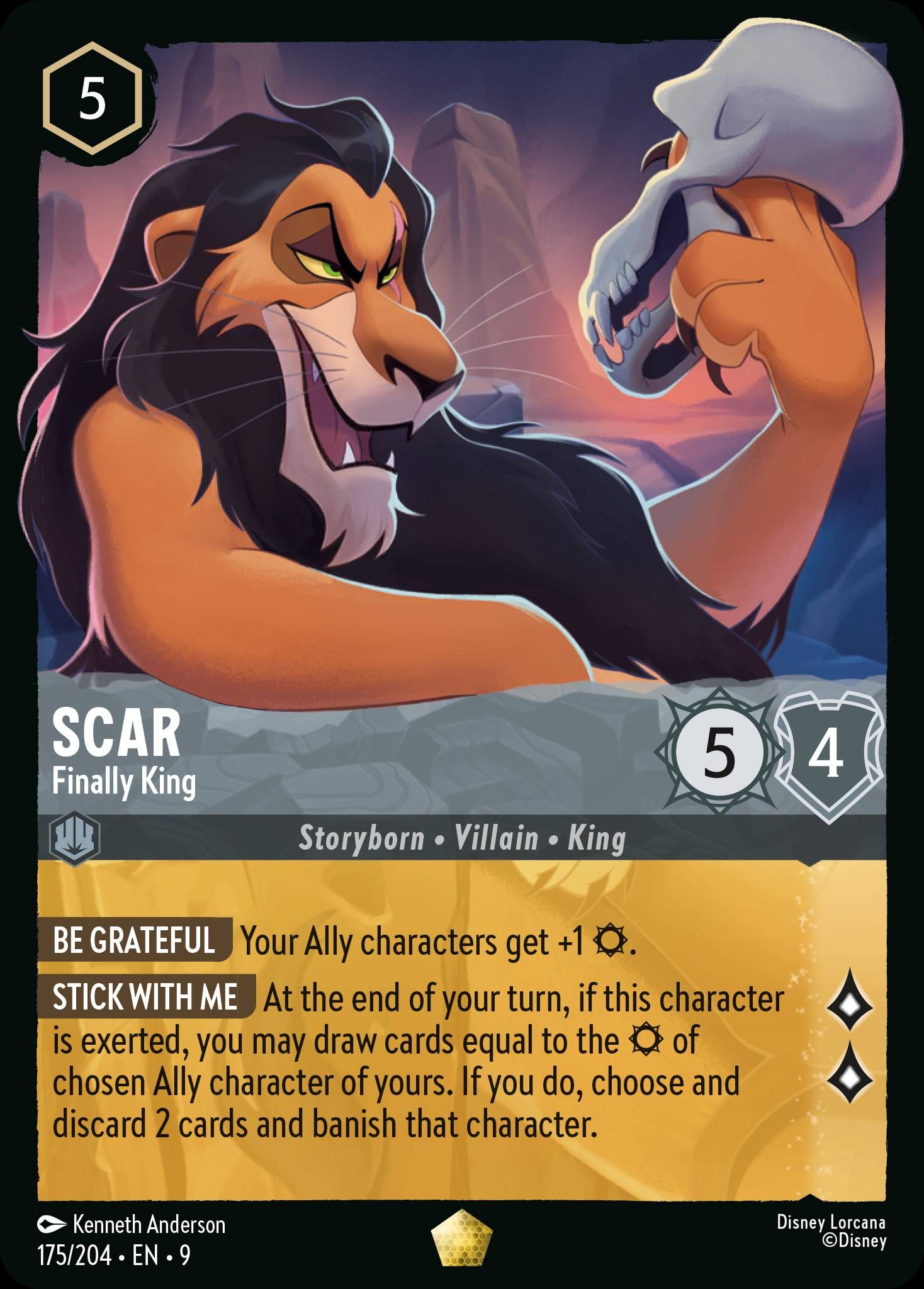 Scar - Finally King | Fabled #175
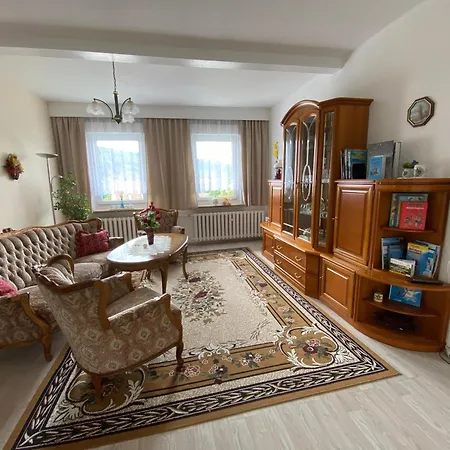Apartament Regenbergblick Zella-Mehlis Zewnętrze zdjęcie
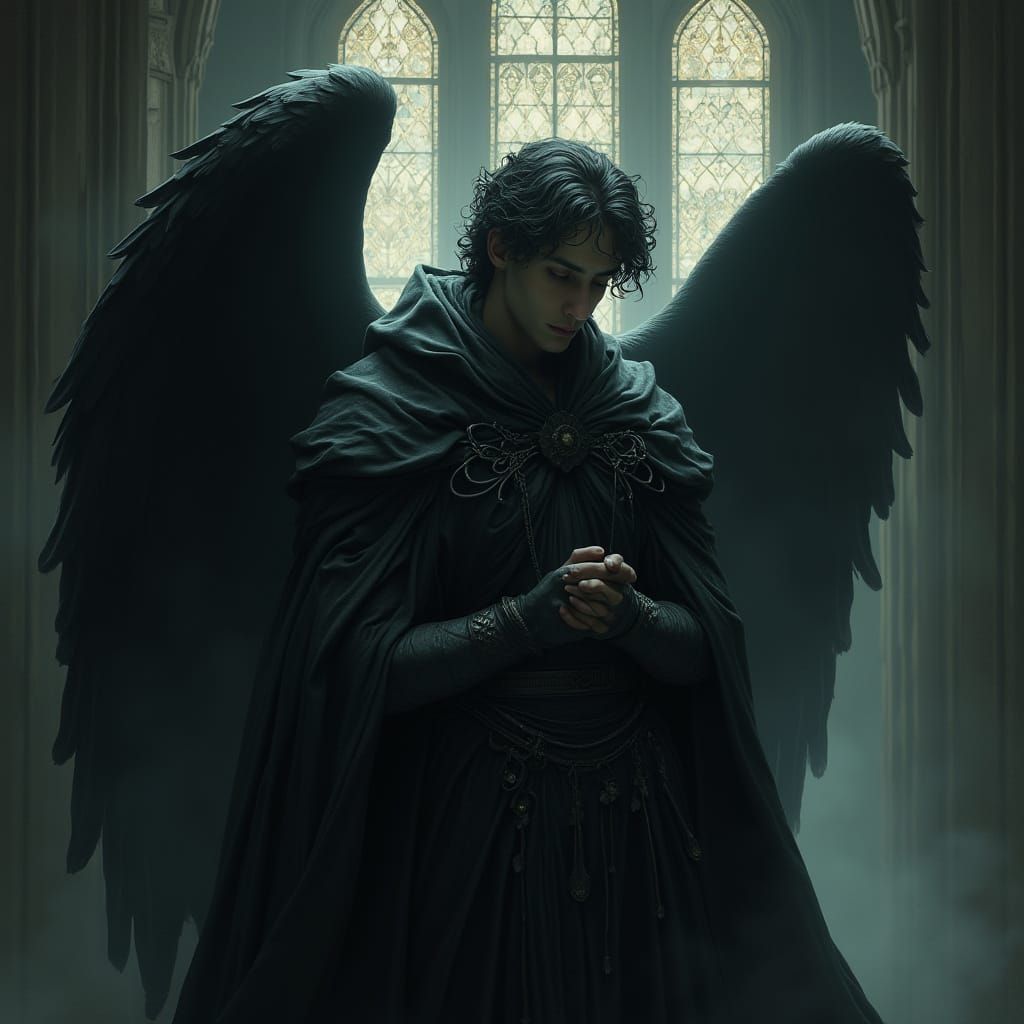 Yehudiah is the Angel of Bereavement.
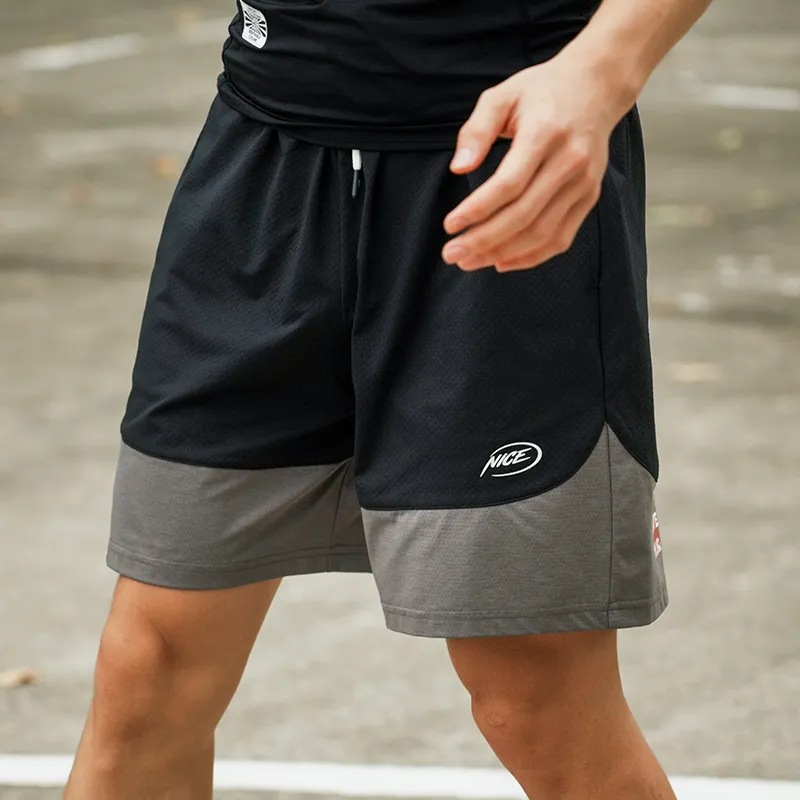 NICEID Basketball Shorts Unisex-3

Activity:
From the first line to the last, copy the listing above exactly and leave out the images.

Result for this task:
 Scar - Finally King | Fabled #175
Apartament Regenbergblick Zella-Mehlis Zewnętrze zdjęcie
 Yehudiah is the Angel of Bereavement.
 NICEID Basketball Shorts Unisex-3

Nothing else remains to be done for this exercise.